Obama anti-discrimination order may still not work

Has President Obama managed to thread the needle on gay rights and religious freedom, as my colleague David Gibson suggests? I'm not so sure.

Seal of the President of the United States
Seal of the President of the United States

Seal of the President of the United States

Has President Obama managed to thread the needle on gay rights and religious freedom, as my colleague David Gibson suggests? Even as federal religiously affiliated contractors are forbidden to deny employment on the basis of sexual orientation and gender identity, they are free to to employ only their co-religionists.

As a matter of principle, it would have been nice if the president had offered some explanation for his Solomonic distinction. All we have–for the first time–is a bald affirmation of George W. Bush’s permission for faith-based organizations to discriminate religiously when hiring employees to perform government services with public funds. How come, Harvard Law grad?


Politically, the signs were that the compromise would not ruffle the liberal base, which seemed overjoyed that, despite the pleas of some religious moderates, no exceptions were made to the prohibition on gender discrimination. Even Rep.
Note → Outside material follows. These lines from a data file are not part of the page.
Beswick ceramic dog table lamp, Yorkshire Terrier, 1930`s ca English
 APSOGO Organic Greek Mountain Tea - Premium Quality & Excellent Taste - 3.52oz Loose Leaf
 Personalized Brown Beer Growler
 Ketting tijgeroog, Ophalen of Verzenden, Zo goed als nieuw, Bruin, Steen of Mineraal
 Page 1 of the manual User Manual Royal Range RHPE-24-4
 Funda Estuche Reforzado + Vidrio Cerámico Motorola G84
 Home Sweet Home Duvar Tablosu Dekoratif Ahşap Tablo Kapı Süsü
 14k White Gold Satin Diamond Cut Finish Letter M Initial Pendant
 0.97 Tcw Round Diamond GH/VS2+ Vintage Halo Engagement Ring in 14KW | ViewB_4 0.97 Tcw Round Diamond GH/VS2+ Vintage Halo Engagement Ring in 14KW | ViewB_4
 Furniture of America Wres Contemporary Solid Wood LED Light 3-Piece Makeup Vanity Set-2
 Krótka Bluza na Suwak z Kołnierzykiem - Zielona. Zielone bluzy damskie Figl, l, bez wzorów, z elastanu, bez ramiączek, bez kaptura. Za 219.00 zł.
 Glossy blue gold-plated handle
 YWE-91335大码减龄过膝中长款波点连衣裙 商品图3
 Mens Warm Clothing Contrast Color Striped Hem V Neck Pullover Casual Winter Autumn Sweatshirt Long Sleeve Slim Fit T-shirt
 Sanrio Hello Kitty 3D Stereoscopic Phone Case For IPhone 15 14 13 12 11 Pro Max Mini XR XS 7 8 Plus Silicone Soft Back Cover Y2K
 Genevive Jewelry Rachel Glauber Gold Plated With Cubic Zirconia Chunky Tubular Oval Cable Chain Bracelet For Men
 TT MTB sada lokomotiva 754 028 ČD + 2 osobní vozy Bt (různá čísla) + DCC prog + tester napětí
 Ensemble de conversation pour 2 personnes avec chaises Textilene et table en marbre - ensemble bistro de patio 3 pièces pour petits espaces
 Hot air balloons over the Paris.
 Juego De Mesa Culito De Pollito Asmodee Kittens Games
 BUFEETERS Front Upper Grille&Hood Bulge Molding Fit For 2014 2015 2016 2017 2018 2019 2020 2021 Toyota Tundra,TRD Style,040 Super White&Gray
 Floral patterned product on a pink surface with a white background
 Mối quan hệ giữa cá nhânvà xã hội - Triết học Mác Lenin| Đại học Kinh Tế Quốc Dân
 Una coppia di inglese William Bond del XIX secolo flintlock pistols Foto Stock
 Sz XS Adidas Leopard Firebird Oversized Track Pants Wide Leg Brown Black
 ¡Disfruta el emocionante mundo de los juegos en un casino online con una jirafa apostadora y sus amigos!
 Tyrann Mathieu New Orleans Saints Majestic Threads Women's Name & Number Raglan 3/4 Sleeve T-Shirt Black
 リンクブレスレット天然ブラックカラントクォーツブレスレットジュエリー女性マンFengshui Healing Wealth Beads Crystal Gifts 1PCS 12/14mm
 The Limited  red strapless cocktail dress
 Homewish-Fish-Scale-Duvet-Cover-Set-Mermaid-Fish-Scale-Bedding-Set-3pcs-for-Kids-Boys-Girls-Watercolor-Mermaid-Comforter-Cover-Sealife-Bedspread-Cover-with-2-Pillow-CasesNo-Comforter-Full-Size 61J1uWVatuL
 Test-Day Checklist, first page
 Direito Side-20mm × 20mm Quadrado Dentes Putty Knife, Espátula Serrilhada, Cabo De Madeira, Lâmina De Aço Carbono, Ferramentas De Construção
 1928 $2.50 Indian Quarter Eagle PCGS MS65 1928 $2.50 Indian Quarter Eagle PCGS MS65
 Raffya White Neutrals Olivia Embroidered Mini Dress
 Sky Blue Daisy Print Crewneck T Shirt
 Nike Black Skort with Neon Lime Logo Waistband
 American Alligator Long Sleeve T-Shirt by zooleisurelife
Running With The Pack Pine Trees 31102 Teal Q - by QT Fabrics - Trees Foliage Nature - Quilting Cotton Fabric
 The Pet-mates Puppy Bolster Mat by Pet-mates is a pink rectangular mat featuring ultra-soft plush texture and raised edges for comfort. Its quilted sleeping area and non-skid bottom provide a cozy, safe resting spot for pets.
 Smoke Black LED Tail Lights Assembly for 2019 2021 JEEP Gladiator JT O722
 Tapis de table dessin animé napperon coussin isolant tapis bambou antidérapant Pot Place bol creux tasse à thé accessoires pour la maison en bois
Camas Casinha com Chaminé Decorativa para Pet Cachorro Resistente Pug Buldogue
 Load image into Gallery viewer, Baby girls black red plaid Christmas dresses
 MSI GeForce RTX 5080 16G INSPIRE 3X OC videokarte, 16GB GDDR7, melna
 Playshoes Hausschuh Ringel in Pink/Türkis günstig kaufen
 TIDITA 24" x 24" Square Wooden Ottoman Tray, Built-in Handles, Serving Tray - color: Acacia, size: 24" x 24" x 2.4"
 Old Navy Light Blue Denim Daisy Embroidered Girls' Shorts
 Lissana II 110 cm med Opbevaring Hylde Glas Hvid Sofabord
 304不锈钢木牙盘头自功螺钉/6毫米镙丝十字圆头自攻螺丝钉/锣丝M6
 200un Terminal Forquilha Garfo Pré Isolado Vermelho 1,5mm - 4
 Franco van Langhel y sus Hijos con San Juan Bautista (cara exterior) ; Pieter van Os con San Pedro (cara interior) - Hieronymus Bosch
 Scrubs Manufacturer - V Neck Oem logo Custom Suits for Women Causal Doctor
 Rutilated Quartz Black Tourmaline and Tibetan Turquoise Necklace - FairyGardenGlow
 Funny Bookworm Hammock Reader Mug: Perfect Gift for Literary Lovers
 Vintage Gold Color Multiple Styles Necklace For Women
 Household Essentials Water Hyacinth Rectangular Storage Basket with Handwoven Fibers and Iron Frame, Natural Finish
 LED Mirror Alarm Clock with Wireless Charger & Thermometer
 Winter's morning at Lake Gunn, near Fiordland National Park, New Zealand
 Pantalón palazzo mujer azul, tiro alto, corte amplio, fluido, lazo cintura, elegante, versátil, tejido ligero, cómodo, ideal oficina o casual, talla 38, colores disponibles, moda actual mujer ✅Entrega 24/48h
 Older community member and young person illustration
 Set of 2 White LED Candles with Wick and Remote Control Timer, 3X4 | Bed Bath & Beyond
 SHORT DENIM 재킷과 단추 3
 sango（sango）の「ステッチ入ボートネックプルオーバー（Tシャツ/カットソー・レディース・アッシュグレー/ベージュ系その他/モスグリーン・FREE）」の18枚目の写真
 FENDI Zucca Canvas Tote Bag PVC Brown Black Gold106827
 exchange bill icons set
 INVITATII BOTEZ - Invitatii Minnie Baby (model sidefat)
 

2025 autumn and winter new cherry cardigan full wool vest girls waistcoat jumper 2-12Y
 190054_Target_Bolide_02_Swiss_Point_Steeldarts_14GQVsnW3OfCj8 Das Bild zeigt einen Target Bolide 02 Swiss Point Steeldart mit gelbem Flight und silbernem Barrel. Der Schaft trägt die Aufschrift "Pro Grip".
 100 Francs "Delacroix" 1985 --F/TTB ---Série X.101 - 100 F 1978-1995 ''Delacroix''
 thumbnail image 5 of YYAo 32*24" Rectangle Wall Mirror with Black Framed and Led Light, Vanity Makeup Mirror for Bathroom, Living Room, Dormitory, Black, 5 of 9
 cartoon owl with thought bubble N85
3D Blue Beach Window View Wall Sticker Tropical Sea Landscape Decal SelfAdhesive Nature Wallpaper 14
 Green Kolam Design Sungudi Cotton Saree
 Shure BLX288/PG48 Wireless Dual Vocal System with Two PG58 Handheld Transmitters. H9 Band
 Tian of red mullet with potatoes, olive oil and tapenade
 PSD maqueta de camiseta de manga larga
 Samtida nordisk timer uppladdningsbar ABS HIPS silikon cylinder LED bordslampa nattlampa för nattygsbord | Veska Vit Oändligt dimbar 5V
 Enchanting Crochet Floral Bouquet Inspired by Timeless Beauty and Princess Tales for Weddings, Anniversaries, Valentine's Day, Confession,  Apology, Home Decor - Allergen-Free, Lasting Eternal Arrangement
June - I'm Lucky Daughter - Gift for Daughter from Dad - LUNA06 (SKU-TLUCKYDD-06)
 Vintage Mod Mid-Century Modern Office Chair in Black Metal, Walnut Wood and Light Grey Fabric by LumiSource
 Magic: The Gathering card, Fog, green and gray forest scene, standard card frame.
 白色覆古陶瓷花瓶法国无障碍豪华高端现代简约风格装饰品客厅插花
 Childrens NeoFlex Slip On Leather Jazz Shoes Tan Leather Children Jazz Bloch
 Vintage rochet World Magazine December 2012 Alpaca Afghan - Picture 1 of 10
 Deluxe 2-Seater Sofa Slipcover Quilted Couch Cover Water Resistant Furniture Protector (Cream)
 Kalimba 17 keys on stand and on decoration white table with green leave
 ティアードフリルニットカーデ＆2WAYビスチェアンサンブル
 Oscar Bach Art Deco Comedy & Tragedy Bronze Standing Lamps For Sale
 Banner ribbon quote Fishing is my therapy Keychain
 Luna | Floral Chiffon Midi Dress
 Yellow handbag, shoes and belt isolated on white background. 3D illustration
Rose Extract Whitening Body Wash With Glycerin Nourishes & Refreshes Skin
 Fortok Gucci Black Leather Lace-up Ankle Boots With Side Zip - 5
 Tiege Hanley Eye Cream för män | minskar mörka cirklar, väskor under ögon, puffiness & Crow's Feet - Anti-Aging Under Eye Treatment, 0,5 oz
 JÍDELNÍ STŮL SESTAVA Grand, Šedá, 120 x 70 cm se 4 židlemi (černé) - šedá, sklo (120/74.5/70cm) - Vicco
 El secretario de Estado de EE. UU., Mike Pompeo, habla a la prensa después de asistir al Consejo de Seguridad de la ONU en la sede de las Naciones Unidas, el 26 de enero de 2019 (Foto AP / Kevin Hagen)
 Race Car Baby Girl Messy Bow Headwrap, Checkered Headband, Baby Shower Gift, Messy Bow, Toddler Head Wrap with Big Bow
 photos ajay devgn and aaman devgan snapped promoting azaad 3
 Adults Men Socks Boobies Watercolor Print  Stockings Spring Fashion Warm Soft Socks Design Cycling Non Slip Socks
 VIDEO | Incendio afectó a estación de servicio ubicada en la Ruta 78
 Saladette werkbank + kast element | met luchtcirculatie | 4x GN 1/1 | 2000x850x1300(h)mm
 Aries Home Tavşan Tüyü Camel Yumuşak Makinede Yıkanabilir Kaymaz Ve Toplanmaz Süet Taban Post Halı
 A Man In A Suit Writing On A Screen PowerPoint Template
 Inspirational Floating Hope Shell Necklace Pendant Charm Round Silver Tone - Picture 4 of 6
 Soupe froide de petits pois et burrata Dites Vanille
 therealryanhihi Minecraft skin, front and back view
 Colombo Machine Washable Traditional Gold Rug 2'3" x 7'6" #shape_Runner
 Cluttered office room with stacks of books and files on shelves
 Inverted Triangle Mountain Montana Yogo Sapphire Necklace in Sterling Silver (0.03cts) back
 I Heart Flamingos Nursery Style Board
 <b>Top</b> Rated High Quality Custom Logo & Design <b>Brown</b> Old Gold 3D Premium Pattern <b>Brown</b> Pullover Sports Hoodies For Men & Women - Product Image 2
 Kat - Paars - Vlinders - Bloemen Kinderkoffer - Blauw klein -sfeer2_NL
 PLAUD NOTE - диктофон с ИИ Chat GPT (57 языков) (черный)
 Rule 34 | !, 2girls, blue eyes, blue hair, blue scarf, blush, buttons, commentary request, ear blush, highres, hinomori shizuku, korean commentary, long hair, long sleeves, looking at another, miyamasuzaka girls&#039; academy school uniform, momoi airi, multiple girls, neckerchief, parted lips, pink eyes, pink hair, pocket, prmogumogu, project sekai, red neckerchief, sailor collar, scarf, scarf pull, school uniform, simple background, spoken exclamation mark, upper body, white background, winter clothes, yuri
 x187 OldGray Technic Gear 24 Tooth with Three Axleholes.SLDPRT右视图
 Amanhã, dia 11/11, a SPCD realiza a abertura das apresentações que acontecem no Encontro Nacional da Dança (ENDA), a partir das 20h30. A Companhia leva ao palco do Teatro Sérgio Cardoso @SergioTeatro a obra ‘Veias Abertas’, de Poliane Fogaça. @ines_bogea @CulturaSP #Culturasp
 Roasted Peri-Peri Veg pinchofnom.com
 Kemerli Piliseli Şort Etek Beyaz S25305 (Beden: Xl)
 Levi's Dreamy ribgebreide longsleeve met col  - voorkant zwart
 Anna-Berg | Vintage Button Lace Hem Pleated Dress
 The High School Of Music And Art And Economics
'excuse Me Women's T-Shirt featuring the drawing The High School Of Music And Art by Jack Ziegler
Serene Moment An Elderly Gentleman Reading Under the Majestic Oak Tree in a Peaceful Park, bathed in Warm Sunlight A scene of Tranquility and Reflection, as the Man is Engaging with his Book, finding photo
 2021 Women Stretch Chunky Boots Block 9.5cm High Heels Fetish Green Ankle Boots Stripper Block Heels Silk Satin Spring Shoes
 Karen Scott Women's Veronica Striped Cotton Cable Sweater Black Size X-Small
Bobby Scott (D-VA), the leading opponent of the religious preference exception, kept his peace.

On the right, the initial reaction was muted, no doubt out of relief that there would be no belated campaign to live up to Obama’s 2008 campaign promise to do away with the Bush permission. But the Catholic bishops harshed the mellow, saying that the executive order was “unprecedented and extreme and should be opposed.” Ignoring the good news on co-religionist employment, they stressed “the possibility of exclusion from federal contracting if their employment policies or practices reflect religious or moral objections to extramarital sexual conduct.”

Under the circumstances, here’s the kind of situation that could be in the offing. Let’s say your local Catholic Charities has a Catholic employee working in a federally funded program who marries her same-sex partner. When this becomes known, the bishop excommunicates the employee, whereupon she is fired from her job not because of religious objections to her “lifestyle” but because, under the Bush permission, Catholic Charities is entitled to engage in faith-based employment discrimination–and she’s not a Catholic in good standing.

The employee sues. What’s the Obama position?